** DATA follows **

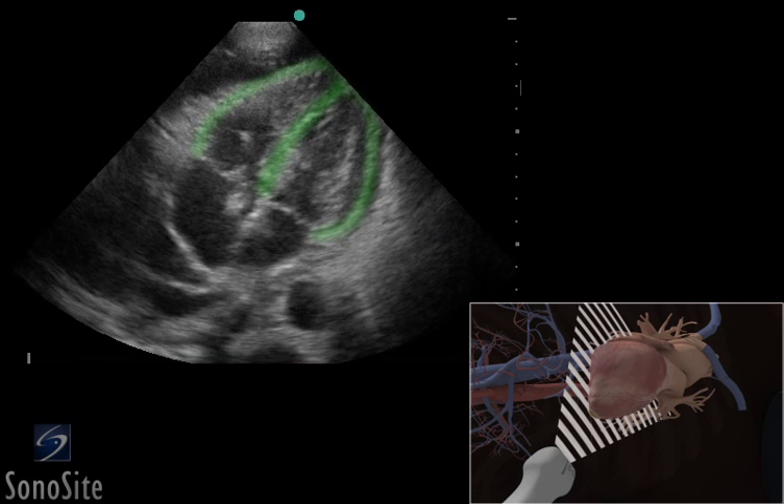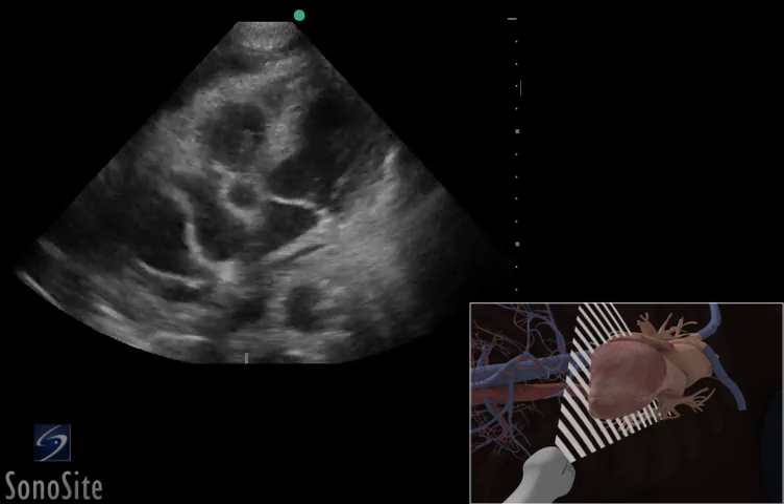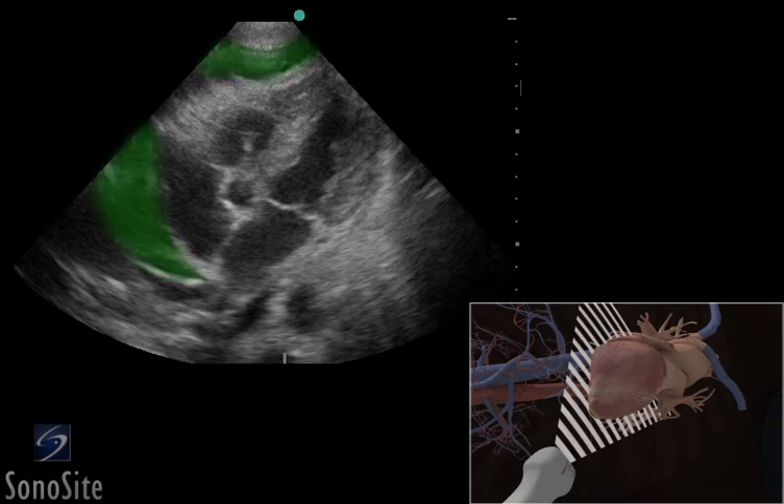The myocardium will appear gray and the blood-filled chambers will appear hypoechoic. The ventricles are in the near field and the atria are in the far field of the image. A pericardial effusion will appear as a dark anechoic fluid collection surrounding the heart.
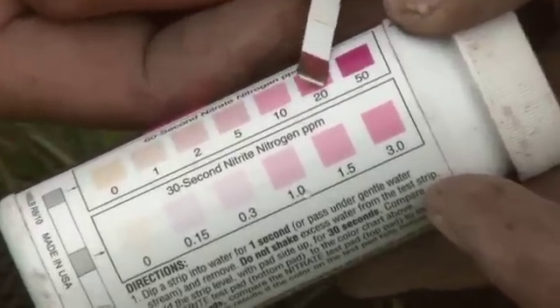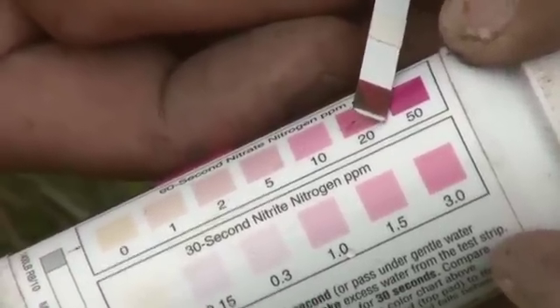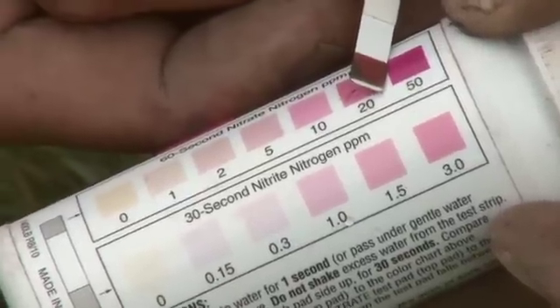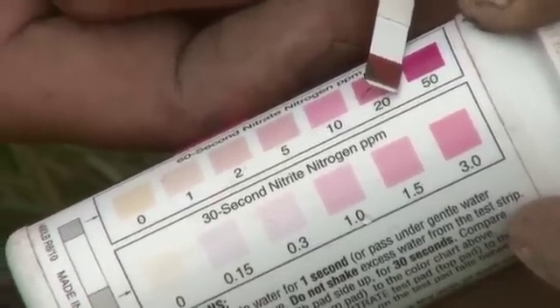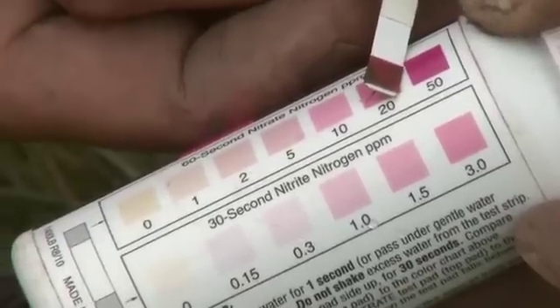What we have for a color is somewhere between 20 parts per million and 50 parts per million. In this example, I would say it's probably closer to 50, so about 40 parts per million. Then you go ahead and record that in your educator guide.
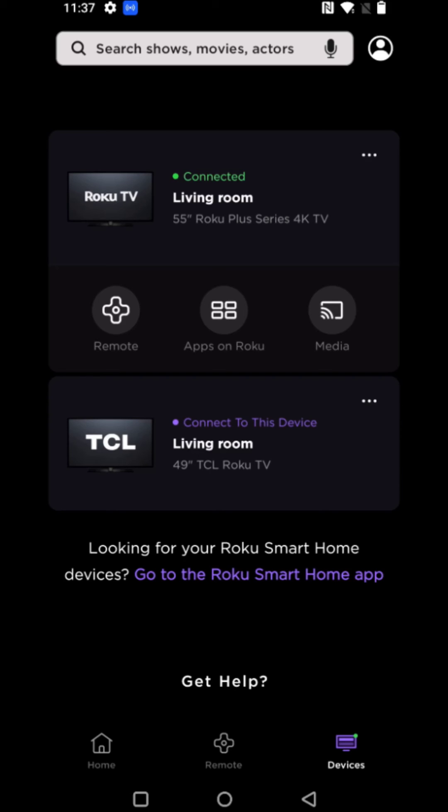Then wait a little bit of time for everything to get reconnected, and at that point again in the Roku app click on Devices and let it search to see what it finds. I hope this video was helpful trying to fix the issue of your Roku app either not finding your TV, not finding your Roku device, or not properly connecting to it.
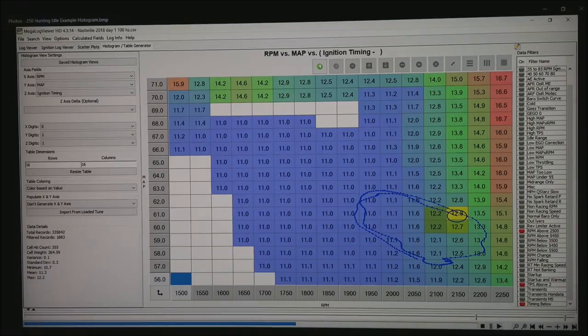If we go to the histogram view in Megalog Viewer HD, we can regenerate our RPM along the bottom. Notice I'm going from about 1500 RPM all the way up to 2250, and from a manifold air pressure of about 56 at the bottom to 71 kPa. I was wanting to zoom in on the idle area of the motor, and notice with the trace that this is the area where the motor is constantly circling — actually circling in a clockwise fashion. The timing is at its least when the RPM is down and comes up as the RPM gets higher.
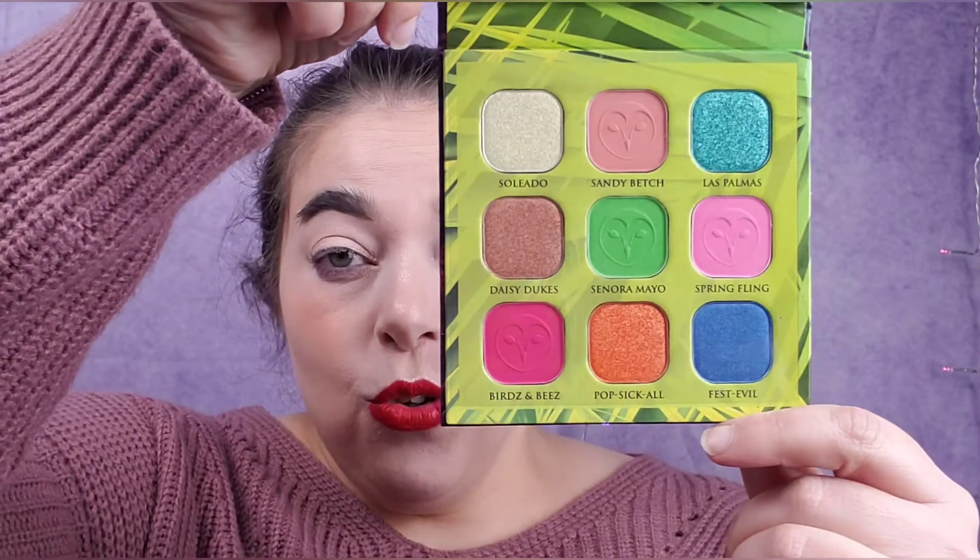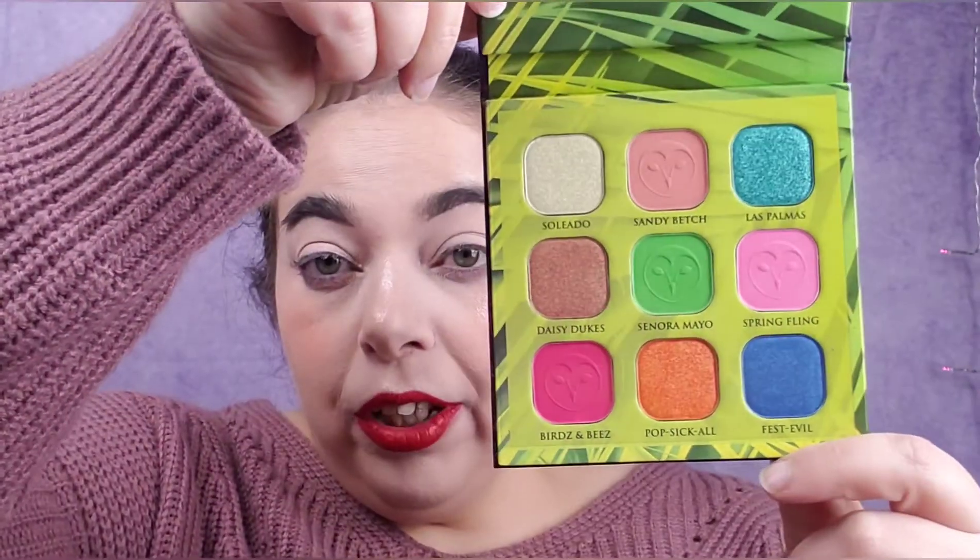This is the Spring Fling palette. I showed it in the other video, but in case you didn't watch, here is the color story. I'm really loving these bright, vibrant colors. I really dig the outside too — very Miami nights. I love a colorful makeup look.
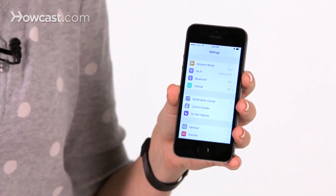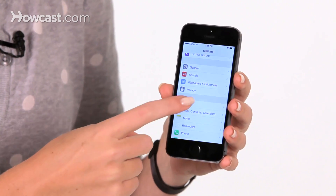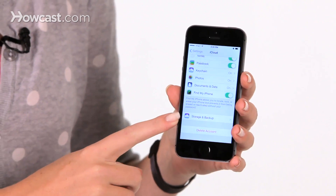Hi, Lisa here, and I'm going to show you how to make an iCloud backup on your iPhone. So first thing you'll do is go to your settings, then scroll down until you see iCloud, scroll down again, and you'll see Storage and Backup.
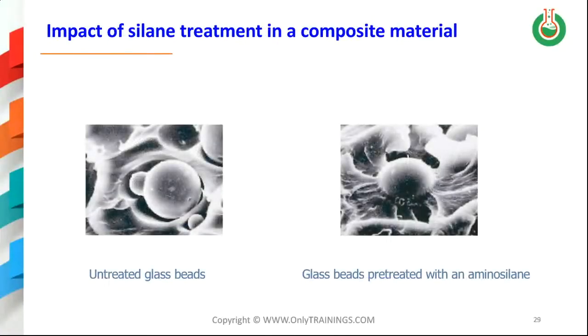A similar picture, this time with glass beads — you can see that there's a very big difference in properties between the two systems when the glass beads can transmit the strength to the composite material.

** End of DATA **

WORK TO COMPLETE:
Each entry should be copied exactly as written, though any pictures stay out.

ANSWER TO THE PROBLEM:
The myocardium will appear gray and the blood-filled chambers will appear hypoechoic. The ventricles are in the near field and the atria are in the far field of the image. A pericardial effusion will appear as a dark anechoic fluid collection surrounding the heart.
What we have for a color is somewhere between 20 parts per million and 50 parts per million. In this example, I would say it's probably closer to 50, so about 40 parts per million. Then you go ahead and record that in your educator guide.
Then wait a little bit of time for everything to get reconnected, and at that point again in the Roku app click on Devices and let it search to see what it finds. I hope this video was helpful trying to fix the issue of your Roku app either not finding your TV, not finding your Roku device, or not properly connecting to it.
If we go to the histogram view in Megalog Viewer HD, we can regenerate our RPM along the bottom. Notice I'm going from about 1500 RPM all the way up to 2250, and from a manifold air pressure of about 56 at the bottom to 71 kPa. I was wanting to zoom in on the idle area of the motor, and notice with the trace that this is the area where the motor is constantly circling — actually circling in a clockwise fashion. The timing is at its least when the RPM is down and comes up as the RPM gets higher.
This is the Spring Fling palette. I showed it in the other video, but in case you didn't watch, here is the color story. I'm really loving these bright, vibrant colors. I really dig the outside too — very Miami nights. I love a colorful makeup look.
Hi, Lisa here, and I'm going to show you how to make an iCloud backup on your iPhone. So first thing you'll do is go to your settings, then scroll down until you see iCloud, scroll down again, and you'll see Storage and Backup.
A similar picture, this time with glass beads — you can see that there's a very big difference in properties between the two systems when the glass beads can transmit the strength to the composite material.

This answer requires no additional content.